O se encuentra una forma de regular el cerebro del que delinque, o se buscan los recursos para soportar una infraestructura de vigilancia policíaca 24/7 a todos los habitantes del territorio que se quiera controlar.

Ni la primera ni la segunda idea son viables, es decir, es imposible regular la expresión emocional y el control de los impulsos, la ira y la frustración de los ciudadanos, también es tarea difícil mantener una vigilancia estrecha 24/7 a todos los habitantes de una ciudad por pequeña que sea.

Como la economía es una variable compleja y difícil de resolver en países en vías de desarrollo, entonces la mejor alternativa es la intervención en los entes de la conducta, en los ciudadanos que trasgreden la ley ya sea por aprendizaje o por una psicopatología desarrollada en el seno de una familia biológicamente criminógena.

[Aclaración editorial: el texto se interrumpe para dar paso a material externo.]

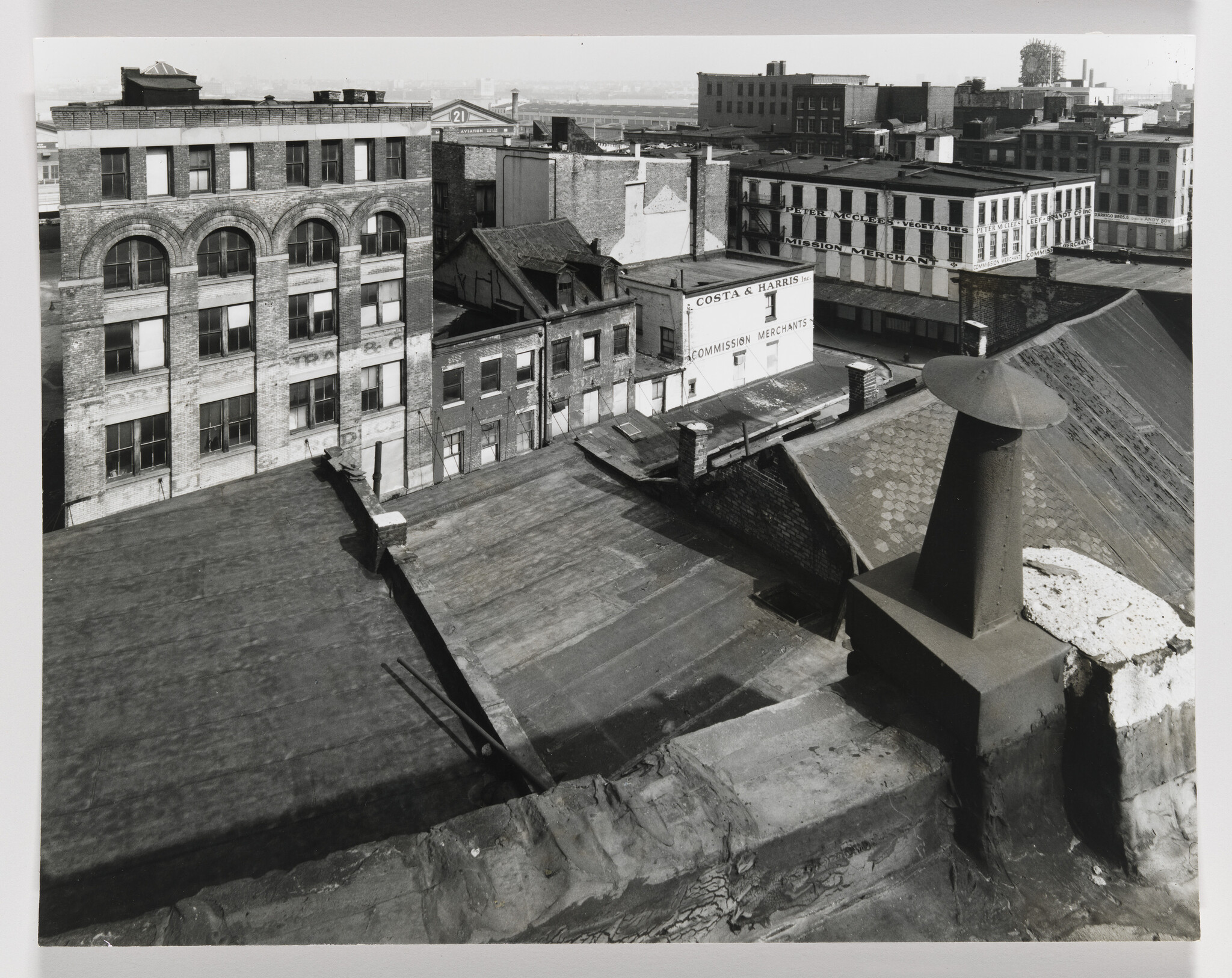 Rooftop chimney and flat roof overlooking brick warehouse buildings with "Costa & Harris" signage.
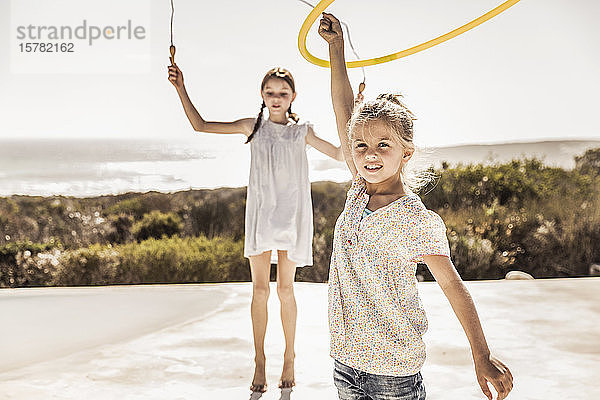 Zwei fröhliche Mädchen spielen mit Springseil und Hoola-Hoop-Reifen auf der Terrasse eines Strandhauses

Ante este escenario criminógeno, los gobiernos municipales conciben ideas diferentes, divergentes a las ideas de coerción y represión, ideas que promueven las fortalezas de una comunidad como medida alterna.

En poco tiempo la concepción de las ideas deberá dar fruto, se romperán paradigmas y se construirán nuevos, veremos la fecundidad de la concepción política.